目前,司法实践中比较普遍的观点与做法,是将国务院及省级人民政府作出的征地批准行为纳入《行政复议法》第30条第2款的“最终裁决”行为范围,排除于行政诉讼受案范围之外。

虽然司法实践中各级法院普遍依据《行政复议法》第30条第2款将征地批准行为排除在行政诉讼受案范围之外,但这一处理方式受到2015年修订后施行的《行政诉讼法》的冲击。该法第12条第1款第5项明确规定,公民、法人或者其他组织“对征收、征用决定及其补偿决定不服”起诉的案件属于行政诉讼受案范围。这一条款属于增设条款,概括性地规定了“征收、征用决定及其补偿决定”属于行政诉讼受案范围。这里的“征收决定”既包括依据《国有土地上房屋征收与补偿条例》第14条规定的市、县级人民政府作出的房屋征收决定,也包括依据《土地管理法》作出的集体土地征收批准行为。
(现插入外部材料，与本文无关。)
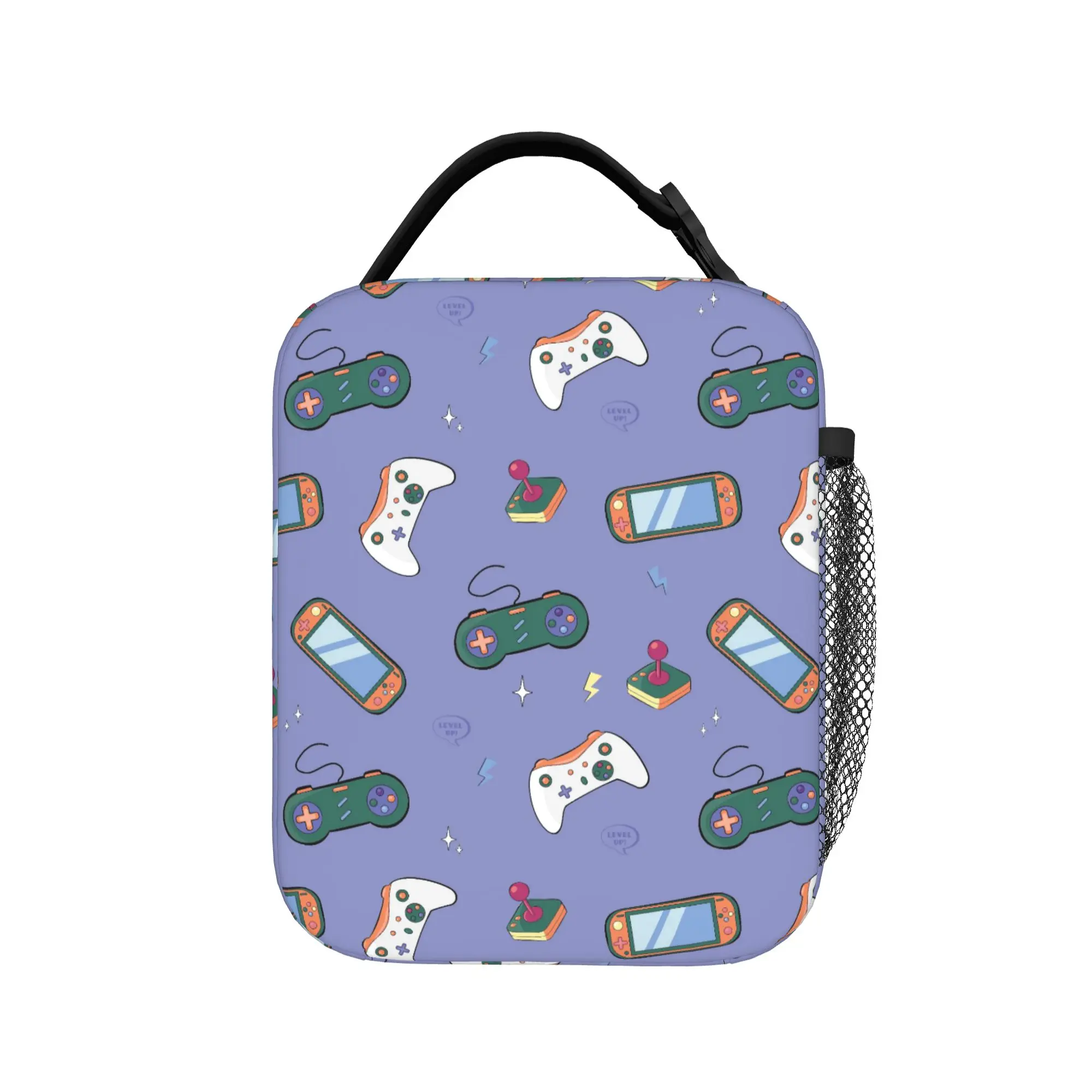 Game Controller Pattern Thermal Insulated Lunch Bags for Office  Portable Food Container Bags Thermal Cooler Lunch Box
司法实践的早期做法是依《行政复议法》第30条第2款的规定,将征地批准行为排除于行政诉讼受案范围之外,但在2015年《行政诉讼法》修订施行后,则产生了是否将其纳入行政诉讼受案范围的争议,特别是最高人民法院与部分省级人民法院之间处理同类案件已存在不一致,亟须依法制统一原则予以规范。

(二)征地安置补偿责任主体的确定问题

现行《土地管理法》第46条第1款规定,国家征收土地的,依照法定程序批准后,由县级以上地方人民政府予以公告并组织实施。《土地管理法实施条例》第20条第1款第3项规定,农用地转用方案、补充耕地方案、征收土地方案经批准后,由市、县人民政府组织实施,按具体建设项目分别供地。实践中,市、县人民政府往往通过规范性文件或者征地公告方案等方式,要求土地管理部门具体组织实施本行政区域的土地房屋征收补偿工作,甚至委托乡(镇)人民政府、区(县)征地事务机构等主体参与征收与补偿的协商,与被征收人签订补偿安置协议。但是,当被征收人与相关主体无法达成协议时,由于现行《土地管理法》《土地管理法实施条例》没有设定补偿决定制度,导致被征收人难以向法定主体请求安置补偿,并在得不到回应时依法向法院提起履行法定职责之诉,导致其安置补偿权利处于虚置状态。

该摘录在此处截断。